When I returned half an hour later, the platform covered its entire space with no sign of a vent stack anywhere. Lot's of innocent "who me?" glances met my arrival. The building owner was not pleased.

One roof's pretty much like another.

It's really common on a tech scout to have the gaffer point out a bunch of rooftops and fire escapes and tell me they'd like to put lights on them for a shot. We do our best and line up as many of them as possible. To do this, we're usually dealing with both a tenant (because the fire escape is right outside their window) and the building owner ('cause it's his damned building). I wish I could count the number of times we had permission to be on the roof of one building and someone decided the light would work better from the roof next door. From their point of view, it's moving the light 30' to the left and hoisting it over a 10" parapet wall. From my point of view, it's a roof owned by some guy I don't know from a hole in the wall.
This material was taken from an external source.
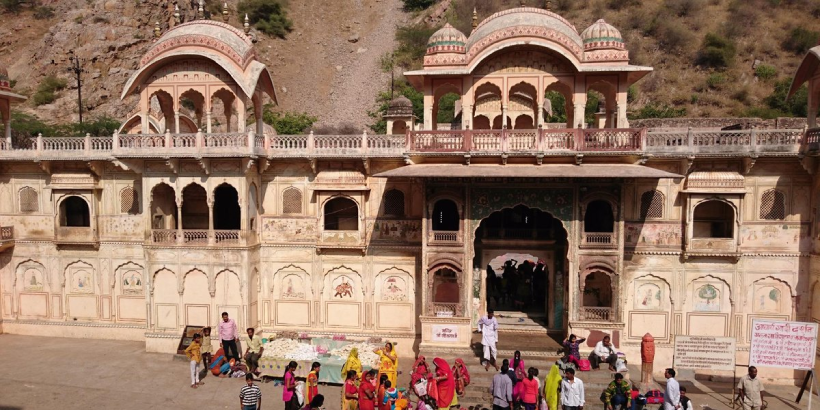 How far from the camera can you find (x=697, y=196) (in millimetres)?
14102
The cast gets in on the act.

I was working on one movie that had lots of thuggy characters shooting guns at each other in every other scene. Yay! Fun stuff.
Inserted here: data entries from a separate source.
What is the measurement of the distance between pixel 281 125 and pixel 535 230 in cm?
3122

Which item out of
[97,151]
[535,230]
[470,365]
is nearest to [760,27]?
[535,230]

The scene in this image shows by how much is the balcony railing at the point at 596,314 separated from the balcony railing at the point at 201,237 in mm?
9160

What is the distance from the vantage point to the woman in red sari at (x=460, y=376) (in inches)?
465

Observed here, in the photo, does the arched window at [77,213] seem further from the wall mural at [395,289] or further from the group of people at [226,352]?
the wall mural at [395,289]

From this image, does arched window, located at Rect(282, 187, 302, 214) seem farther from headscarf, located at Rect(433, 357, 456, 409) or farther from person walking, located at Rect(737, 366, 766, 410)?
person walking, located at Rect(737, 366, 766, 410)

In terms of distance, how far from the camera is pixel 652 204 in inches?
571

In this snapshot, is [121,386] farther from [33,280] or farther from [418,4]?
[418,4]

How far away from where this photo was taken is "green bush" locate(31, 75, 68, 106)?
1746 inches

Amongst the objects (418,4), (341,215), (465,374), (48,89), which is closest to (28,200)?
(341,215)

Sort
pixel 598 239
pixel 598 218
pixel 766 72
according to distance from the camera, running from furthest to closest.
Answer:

One morning, I popped into the Church Basement we were using for the cast to hang out in and found them all smoking pot and showing off their guns to each other. First, I radioed the A.D. and asked him to deal with the pot smoking in the church basement. Then I radioed the Prop Master and asked if there was any reason the prop guns had been handed out before the cast was on set. He reminded me that we didn't actually have any weapons on set that day and all of them were locked up in his gun safe back at his shop.

I left that for the A.D. to deal with as well.
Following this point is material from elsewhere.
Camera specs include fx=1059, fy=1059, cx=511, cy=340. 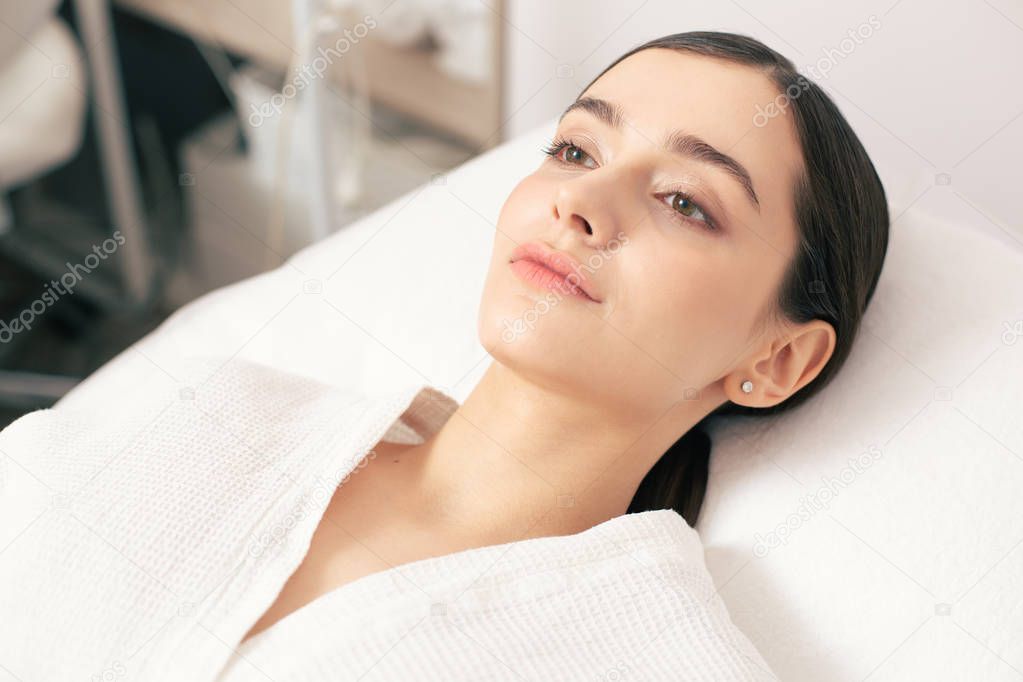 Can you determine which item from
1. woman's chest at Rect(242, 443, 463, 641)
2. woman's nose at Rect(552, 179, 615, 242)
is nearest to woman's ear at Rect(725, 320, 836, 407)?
woman's nose at Rect(552, 179, 615, 242)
Actually, now that I look back on this and a bunch of other stuff I didn't bother including, I'm thinking some crew in my future is going to get the short end of the stick just on principle.

2 comments:

Michael Taylor said...

Excellent post. Personally, I love those layout board companies. We used to have to rely on production assistants to put that stuff down -- and PA's already have their hands full at the beginning of any shoot day, so half the time we'd end up helping them just so we could run our cable and lights into the building. When the production company contracts the job out, by the time we get there, the entire house/building has been securely boarded and taped.

That's the good side of layout board -- the bad side is using it on stage. Sit com sets have extremely flimsy floor veneer that the wheels of our man-lifts chew up in a matter of minutes, so we have to put layout board down before going in to light a set. Even when it's taped down, the stuff buckles under the drive/steering wheels of those heavy lifts, which triggers a safety lock that prevents the lift from ascending. At that point, either we need someone on the floor to override the safety lock or else spend five minutes backing-and-forthing in an effort to find a spot flat enough to ascend, at which point the drive wheels will take us in where we need to go. I can't count the man-hours I've wasted dealing with this crap.

I make a point of cooperating with location managers as much as possible, and they usually appreciate that. Their's is a tough job nobody else appreciates until they really do have to put a big lamp on the next house over -- the one we didn't specify on the scout. That's when the location manager really earns his/her money, and many times I've had my ass saved my ass by a location manager who was able to open a door previously off limits.

What an absurd business...

Nathan said...

Actually Michael,

I wasn't talking about the guys who get there, look at the lights and then go "Oops, guess it needs to be on the next roof." Usually they come to me and ask me to get permission.

The ones I was talking about are the ones who just move the light across the roofs without bothering to ask anyone (and yes it's happened a few times).